Presented on January 5, 1779, it was designed to be used for a door tapestry in the bedchamber of the Prince and Princess of Asturias at the Royal Palace of El Pardo. The Prado Museum houses this Goya piece in its collections. There are also two sketches of it, one in a private Spanish collection and the other in the Stirling Maxwell Collection in Glasgow.
It is a "...door tapestry [in which] 2 boys play at being soldiers in hats and shotguns while another plays a drum and yet another plays with a toy bell tower. It is 3 feet and 4 fingers wide, and 5 feet and 4 fingers tall. Its value is 1,000 Spanish reals." ("... sobrepuerta [en la que] ay dos muchachos como Jugando á los Soldados con Gorros y Escopetas otro tocando un Tambor, y otro Jugando con un Campanario de Ferias. Su ancho tres pies y quatro dedos, alto cinco pies quatro dedos. Su balor mil rr.s vellon". Francisco de Goya).

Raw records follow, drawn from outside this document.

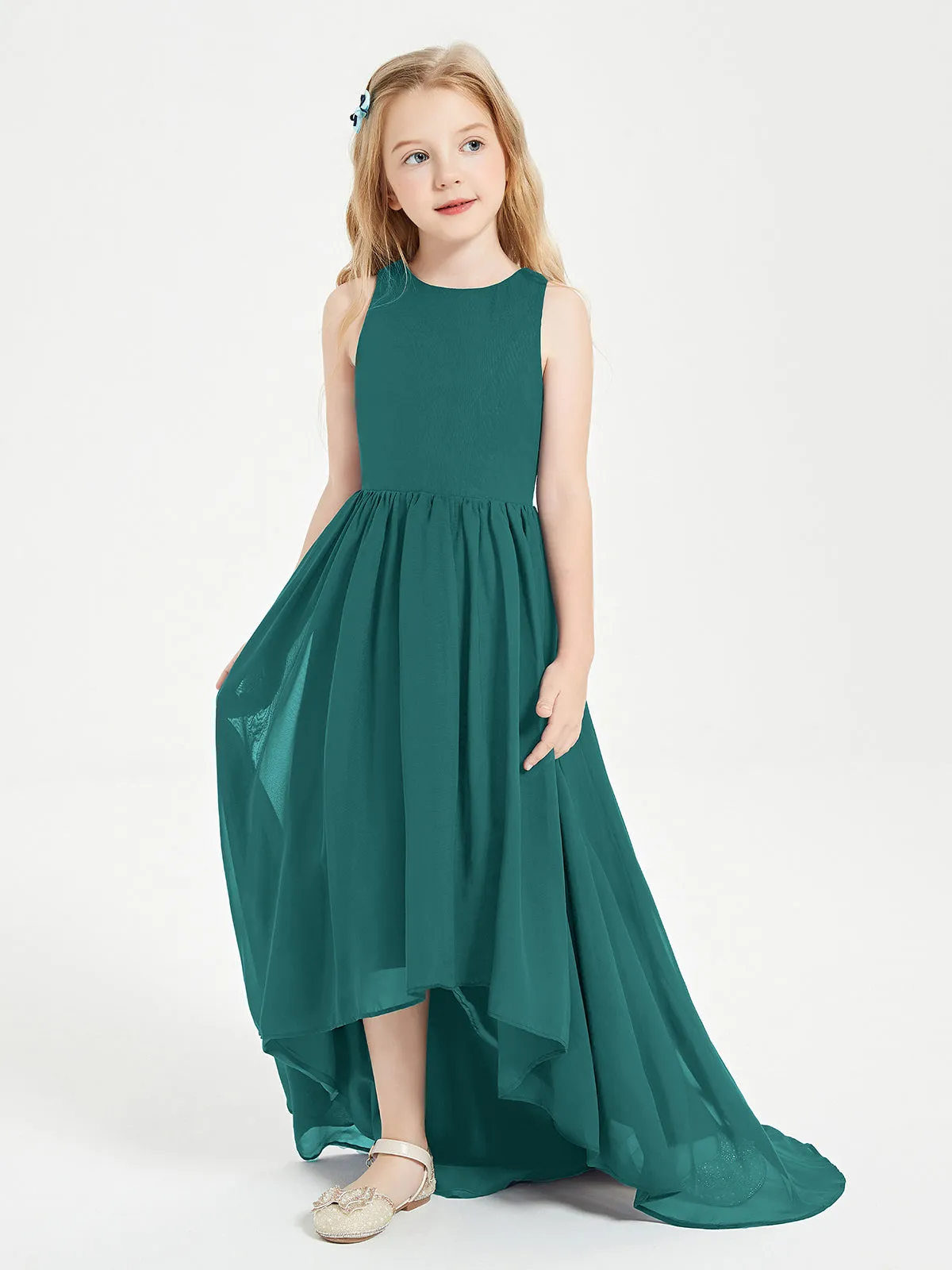 Exquisite Asymmetrical Junior Bridesmaid Dresses Scoop Neck Peacock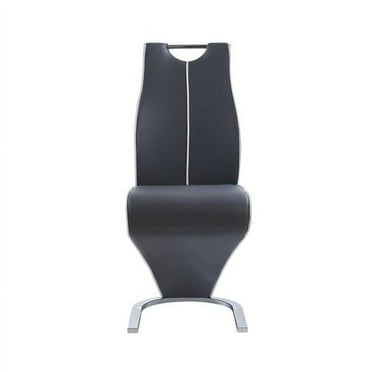 Grey & White Z Style Design Dining Chairs with Metalic Base & Seat Back Handle - Pack of 2
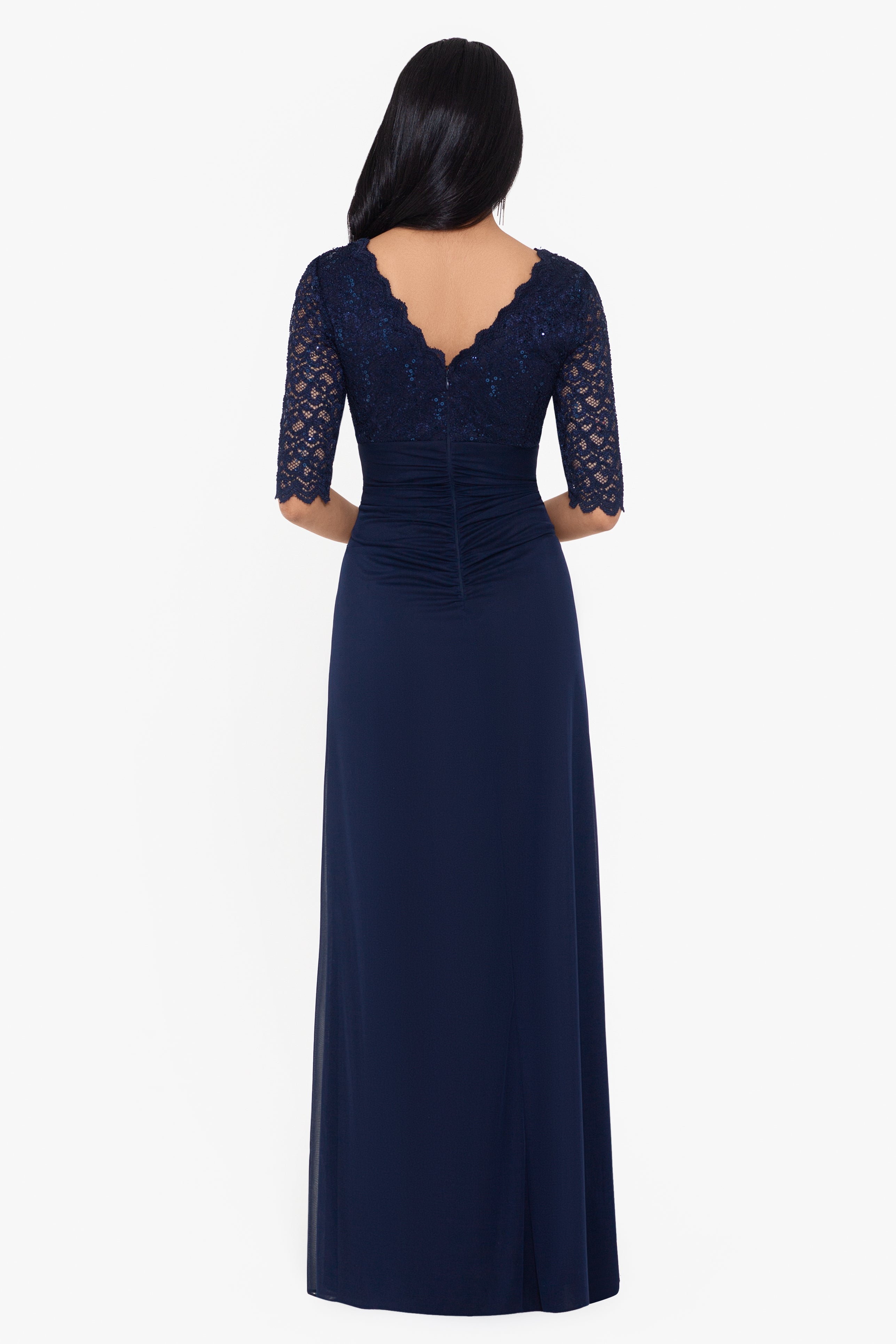 Petite "Johanna" 3/4 Sleeve Sheer Matte Jersey Long Dress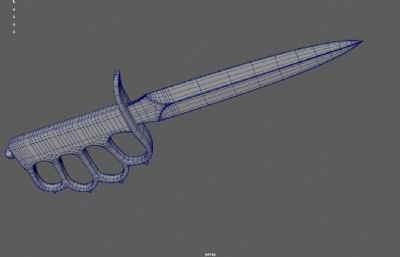美国1981关节刀,指虎,护手匕首游戏道具3dmaya模型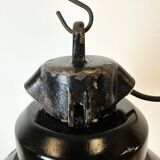 Industrial Black Enamel Factory Lamp with Cast Iron Top, 1960s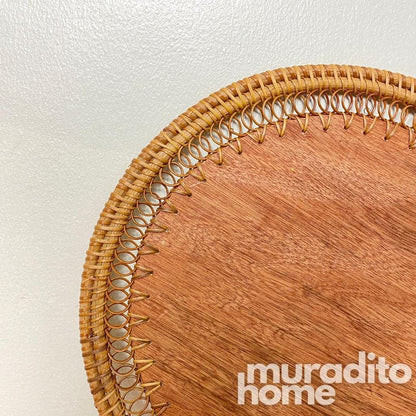 MURADITOHOME Luntian Rattan Placemat With Wood 13.5"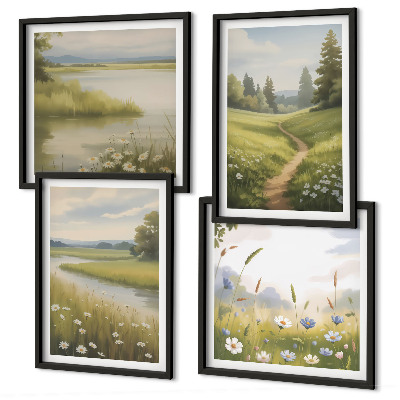 Set 4 slik v okvirju Pomladna pokrajina rečni travnik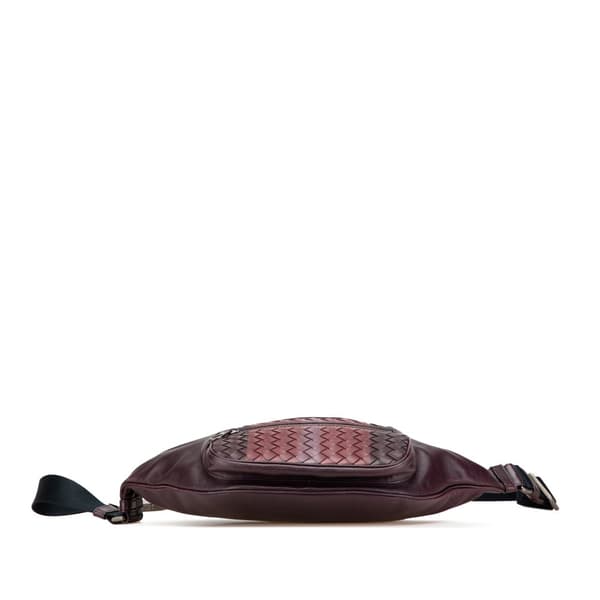 Pre-owned Bottega Veneta Nappa Intrecciato Belt Bag Red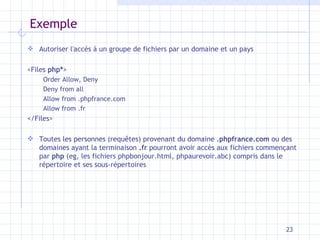 Exemple Autoriser l'accés à un groupe de fichiers par un domaine et un pays <Files  php* >  Order Allow, Deny  Deny from all  Allow from .phpfrance.com  Allow from .fr  </Files> Toutes les personnes (requêtes) provenant du domaine  .phpfrance.com  ou des domaines ayant la terminaison  .fr  pourront avoir accès aux fichiers commençant par  php  (eg, les fichiers phpbonjour.html, phpaurevoir.abc) compris dans le répertoire et ses sous-répertoires  
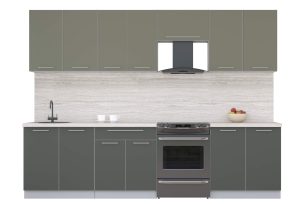 ГОТОВАЯ КУХНЯ ПЛАСТИК 2,9А (КВАРЦЕВЫЙ/ ШТОРМ)
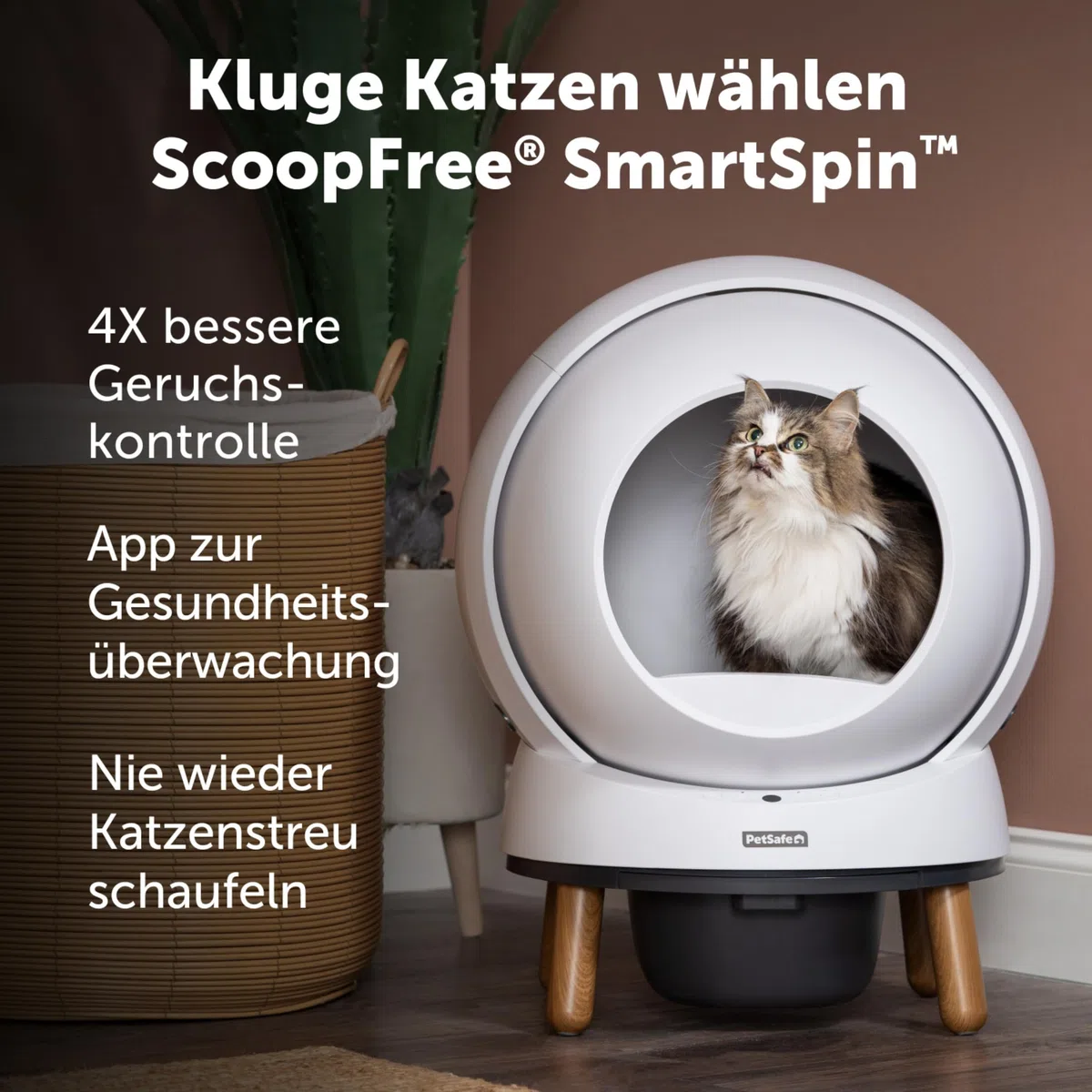 PetSafe ScoopFree SmartSpin Selbstreinigende Katzentoilette | Fortschrittliche Geruchsbekämpfung, Gesundheitsmonitor, App-gesteuert, Kompatibel mit Jeder Streu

Of the 3 tapestries, 2 are now kept in the National Heritage collections at the Royal Palace and the Santa Cruz Palace (the headquarters of the Spanish Ministry of Foreign Affairs). The third is kept at the Cathedral Museum. It was acquired by Don Fernando Gomedi in 1794 and later by Don Pedro Acuña y Malvar, who donated it to Santiago Cathedral in his will, in 1814.